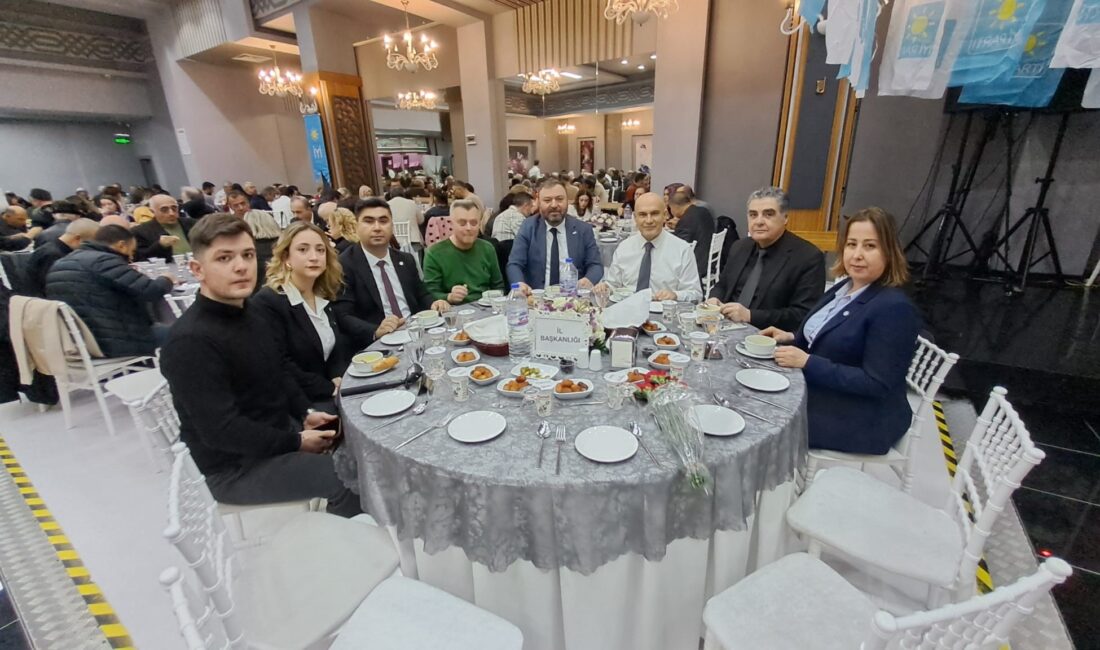 İyi Parti İlçe Teşkilatı iftar yemeği düzenledi. İftara İyi Parti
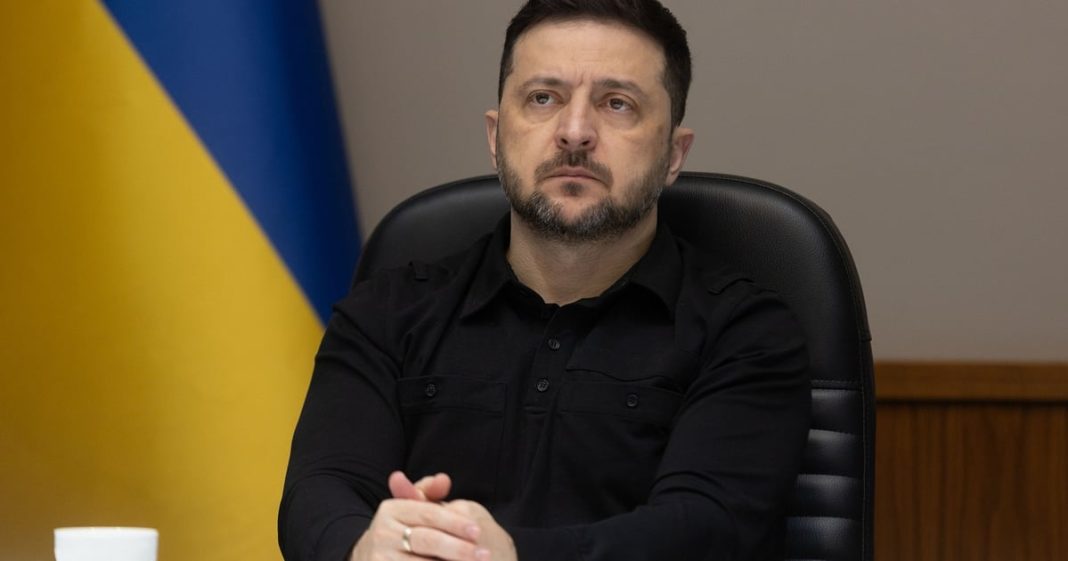 Володимир Зеленський під час звернення про ППО Володимир Зеленський під час звернення щодо посилення протиповітряної оборони України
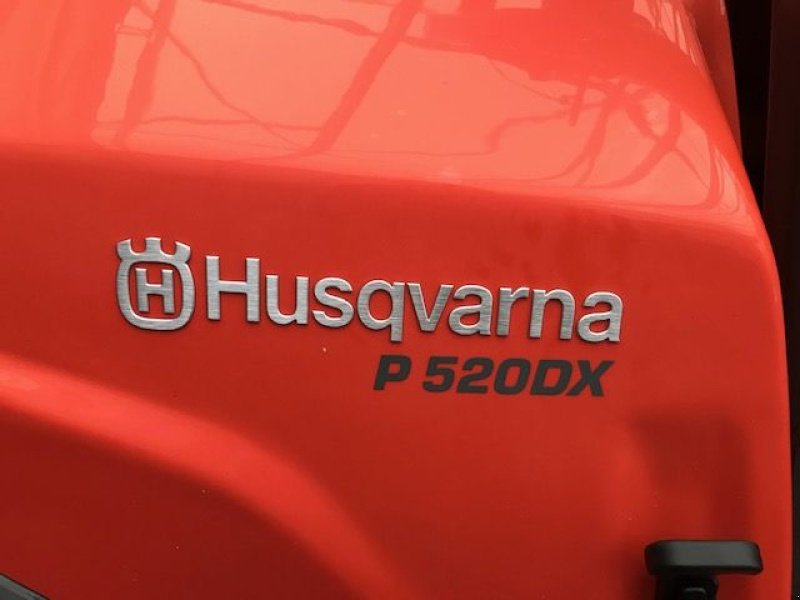 Rasentraktor типа Husqvarna Kommunalrider P520DX mit V-Schneeschild, Neumaschine в Tamsweg (Фотография 5)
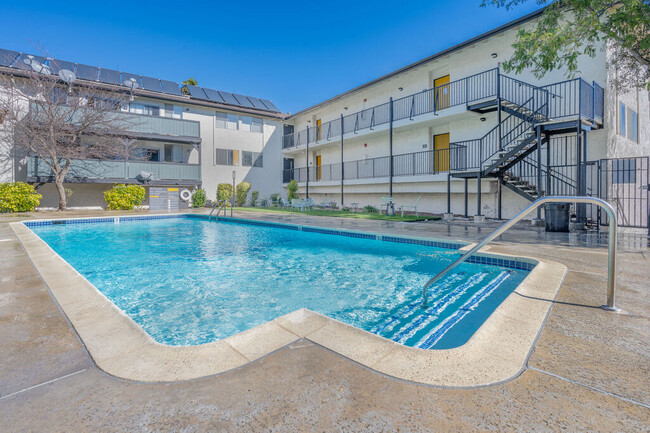 The Hills Apartments at Thousand Oaks - The Hills Apartments at Thousand Oaks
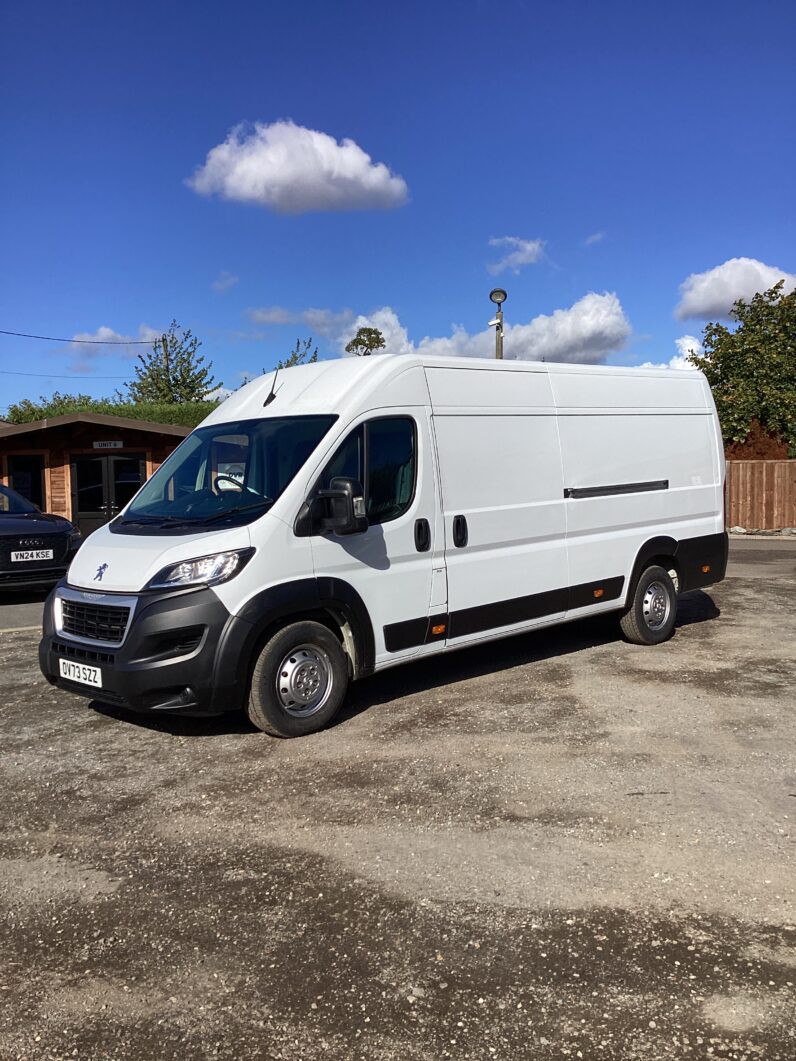 Peugeot Boxer 2.2 BlueHDi 435 Professional Premium + L4 High Roof Euro 6 (s/s) 5dr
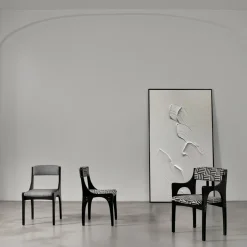 Sedia Lola con braccioli in bianco e nero ispirata agli anni '50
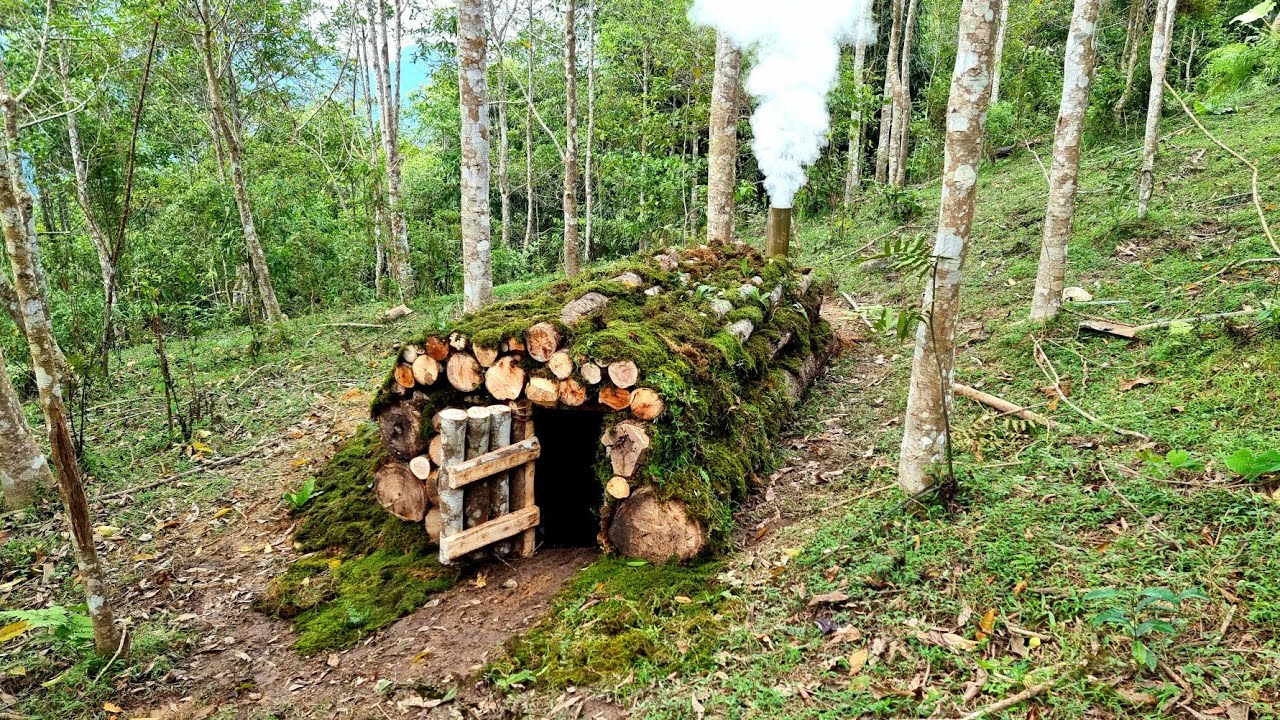 Building Complete Bushcraft Secret Shelter On High Mountain,  Bushcraft Alone / King Of Satyr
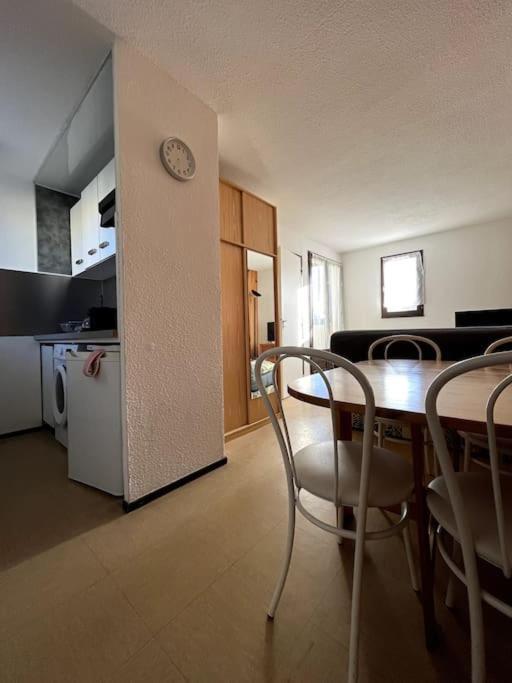 St-Pierre-La-Mer, Bel Appartement A Dans Residence Avec Piscine Et Tennis Entre 5 Et 10 Min De La Plage Fleury  Exteriér fotografie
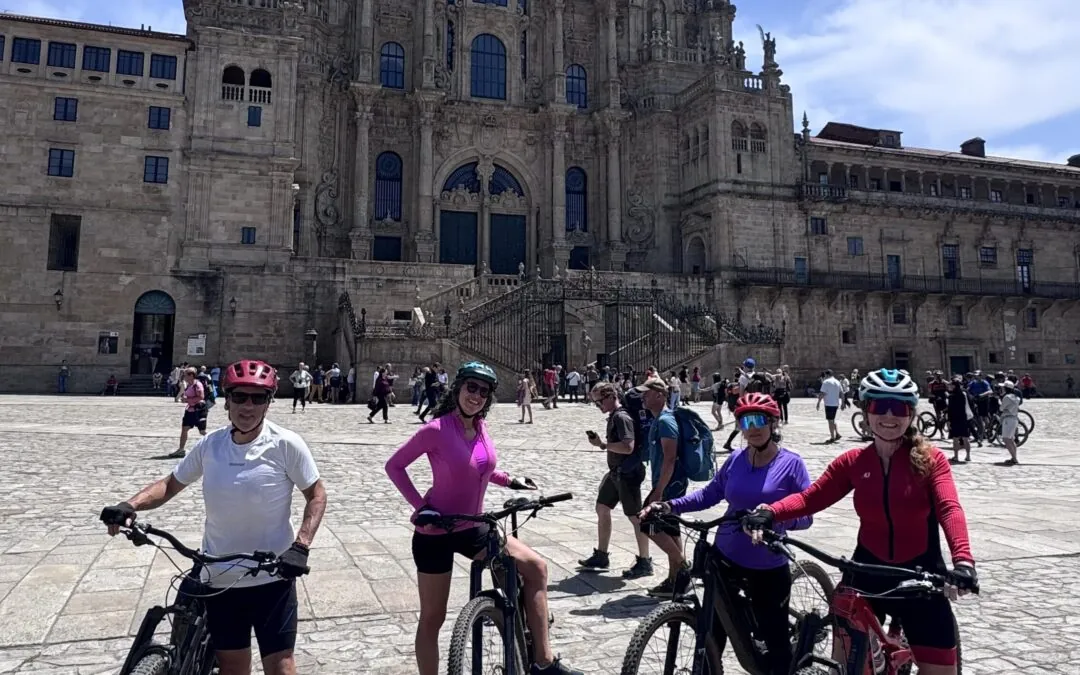 Grupo de ciclistas con bicicletas eléctricas llegando a la plaza del Obradoiro de Santiago de Compostela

■ WORK TO COMPLETE ■
The records above should be repeated exactly, with no pictures in the copy.

■ RESPONSE TO THIS EXERCISE ■
 İyi Parti İlçe Teşkilatı iftar yemeği düzenledi. İftara İyi Parti
 Володимир Зеленський під час звернення про ППО Володимир Зеленський під час звернення щодо посилення протиповітряної оборони України
 Rasentraktor типа Husqvarna Kommunalrider P520DX mit V-Schneeschild, Neumaschine в Tamsweg (Фотография 5)
 The Hills Apartments at Thousand Oaks - The Hills Apartments at Thousand Oaks
 Peugeot Boxer 2.2 BlueHDi 435 Professional Premium + L4 High Roof Euro 6 (s/s) 5dr
 Sedia Lola con braccioli in bianco e nero ispirata agli anni '50
 Building Complete Bushcraft Secret Shelter On High Mountain,  Bushcraft Alone / King Of Satyr
 St-Pierre-La-Mer, Bel Appartement A Dans Residence Avec Piscine Et Tennis Entre 5 Et 10 Min De La Plage Fleury  Exteriér fotografie
 Grupo de ciclistas con bicicletas eléctricas llegando a la plaza del Obradoiro de Santiago de Compostela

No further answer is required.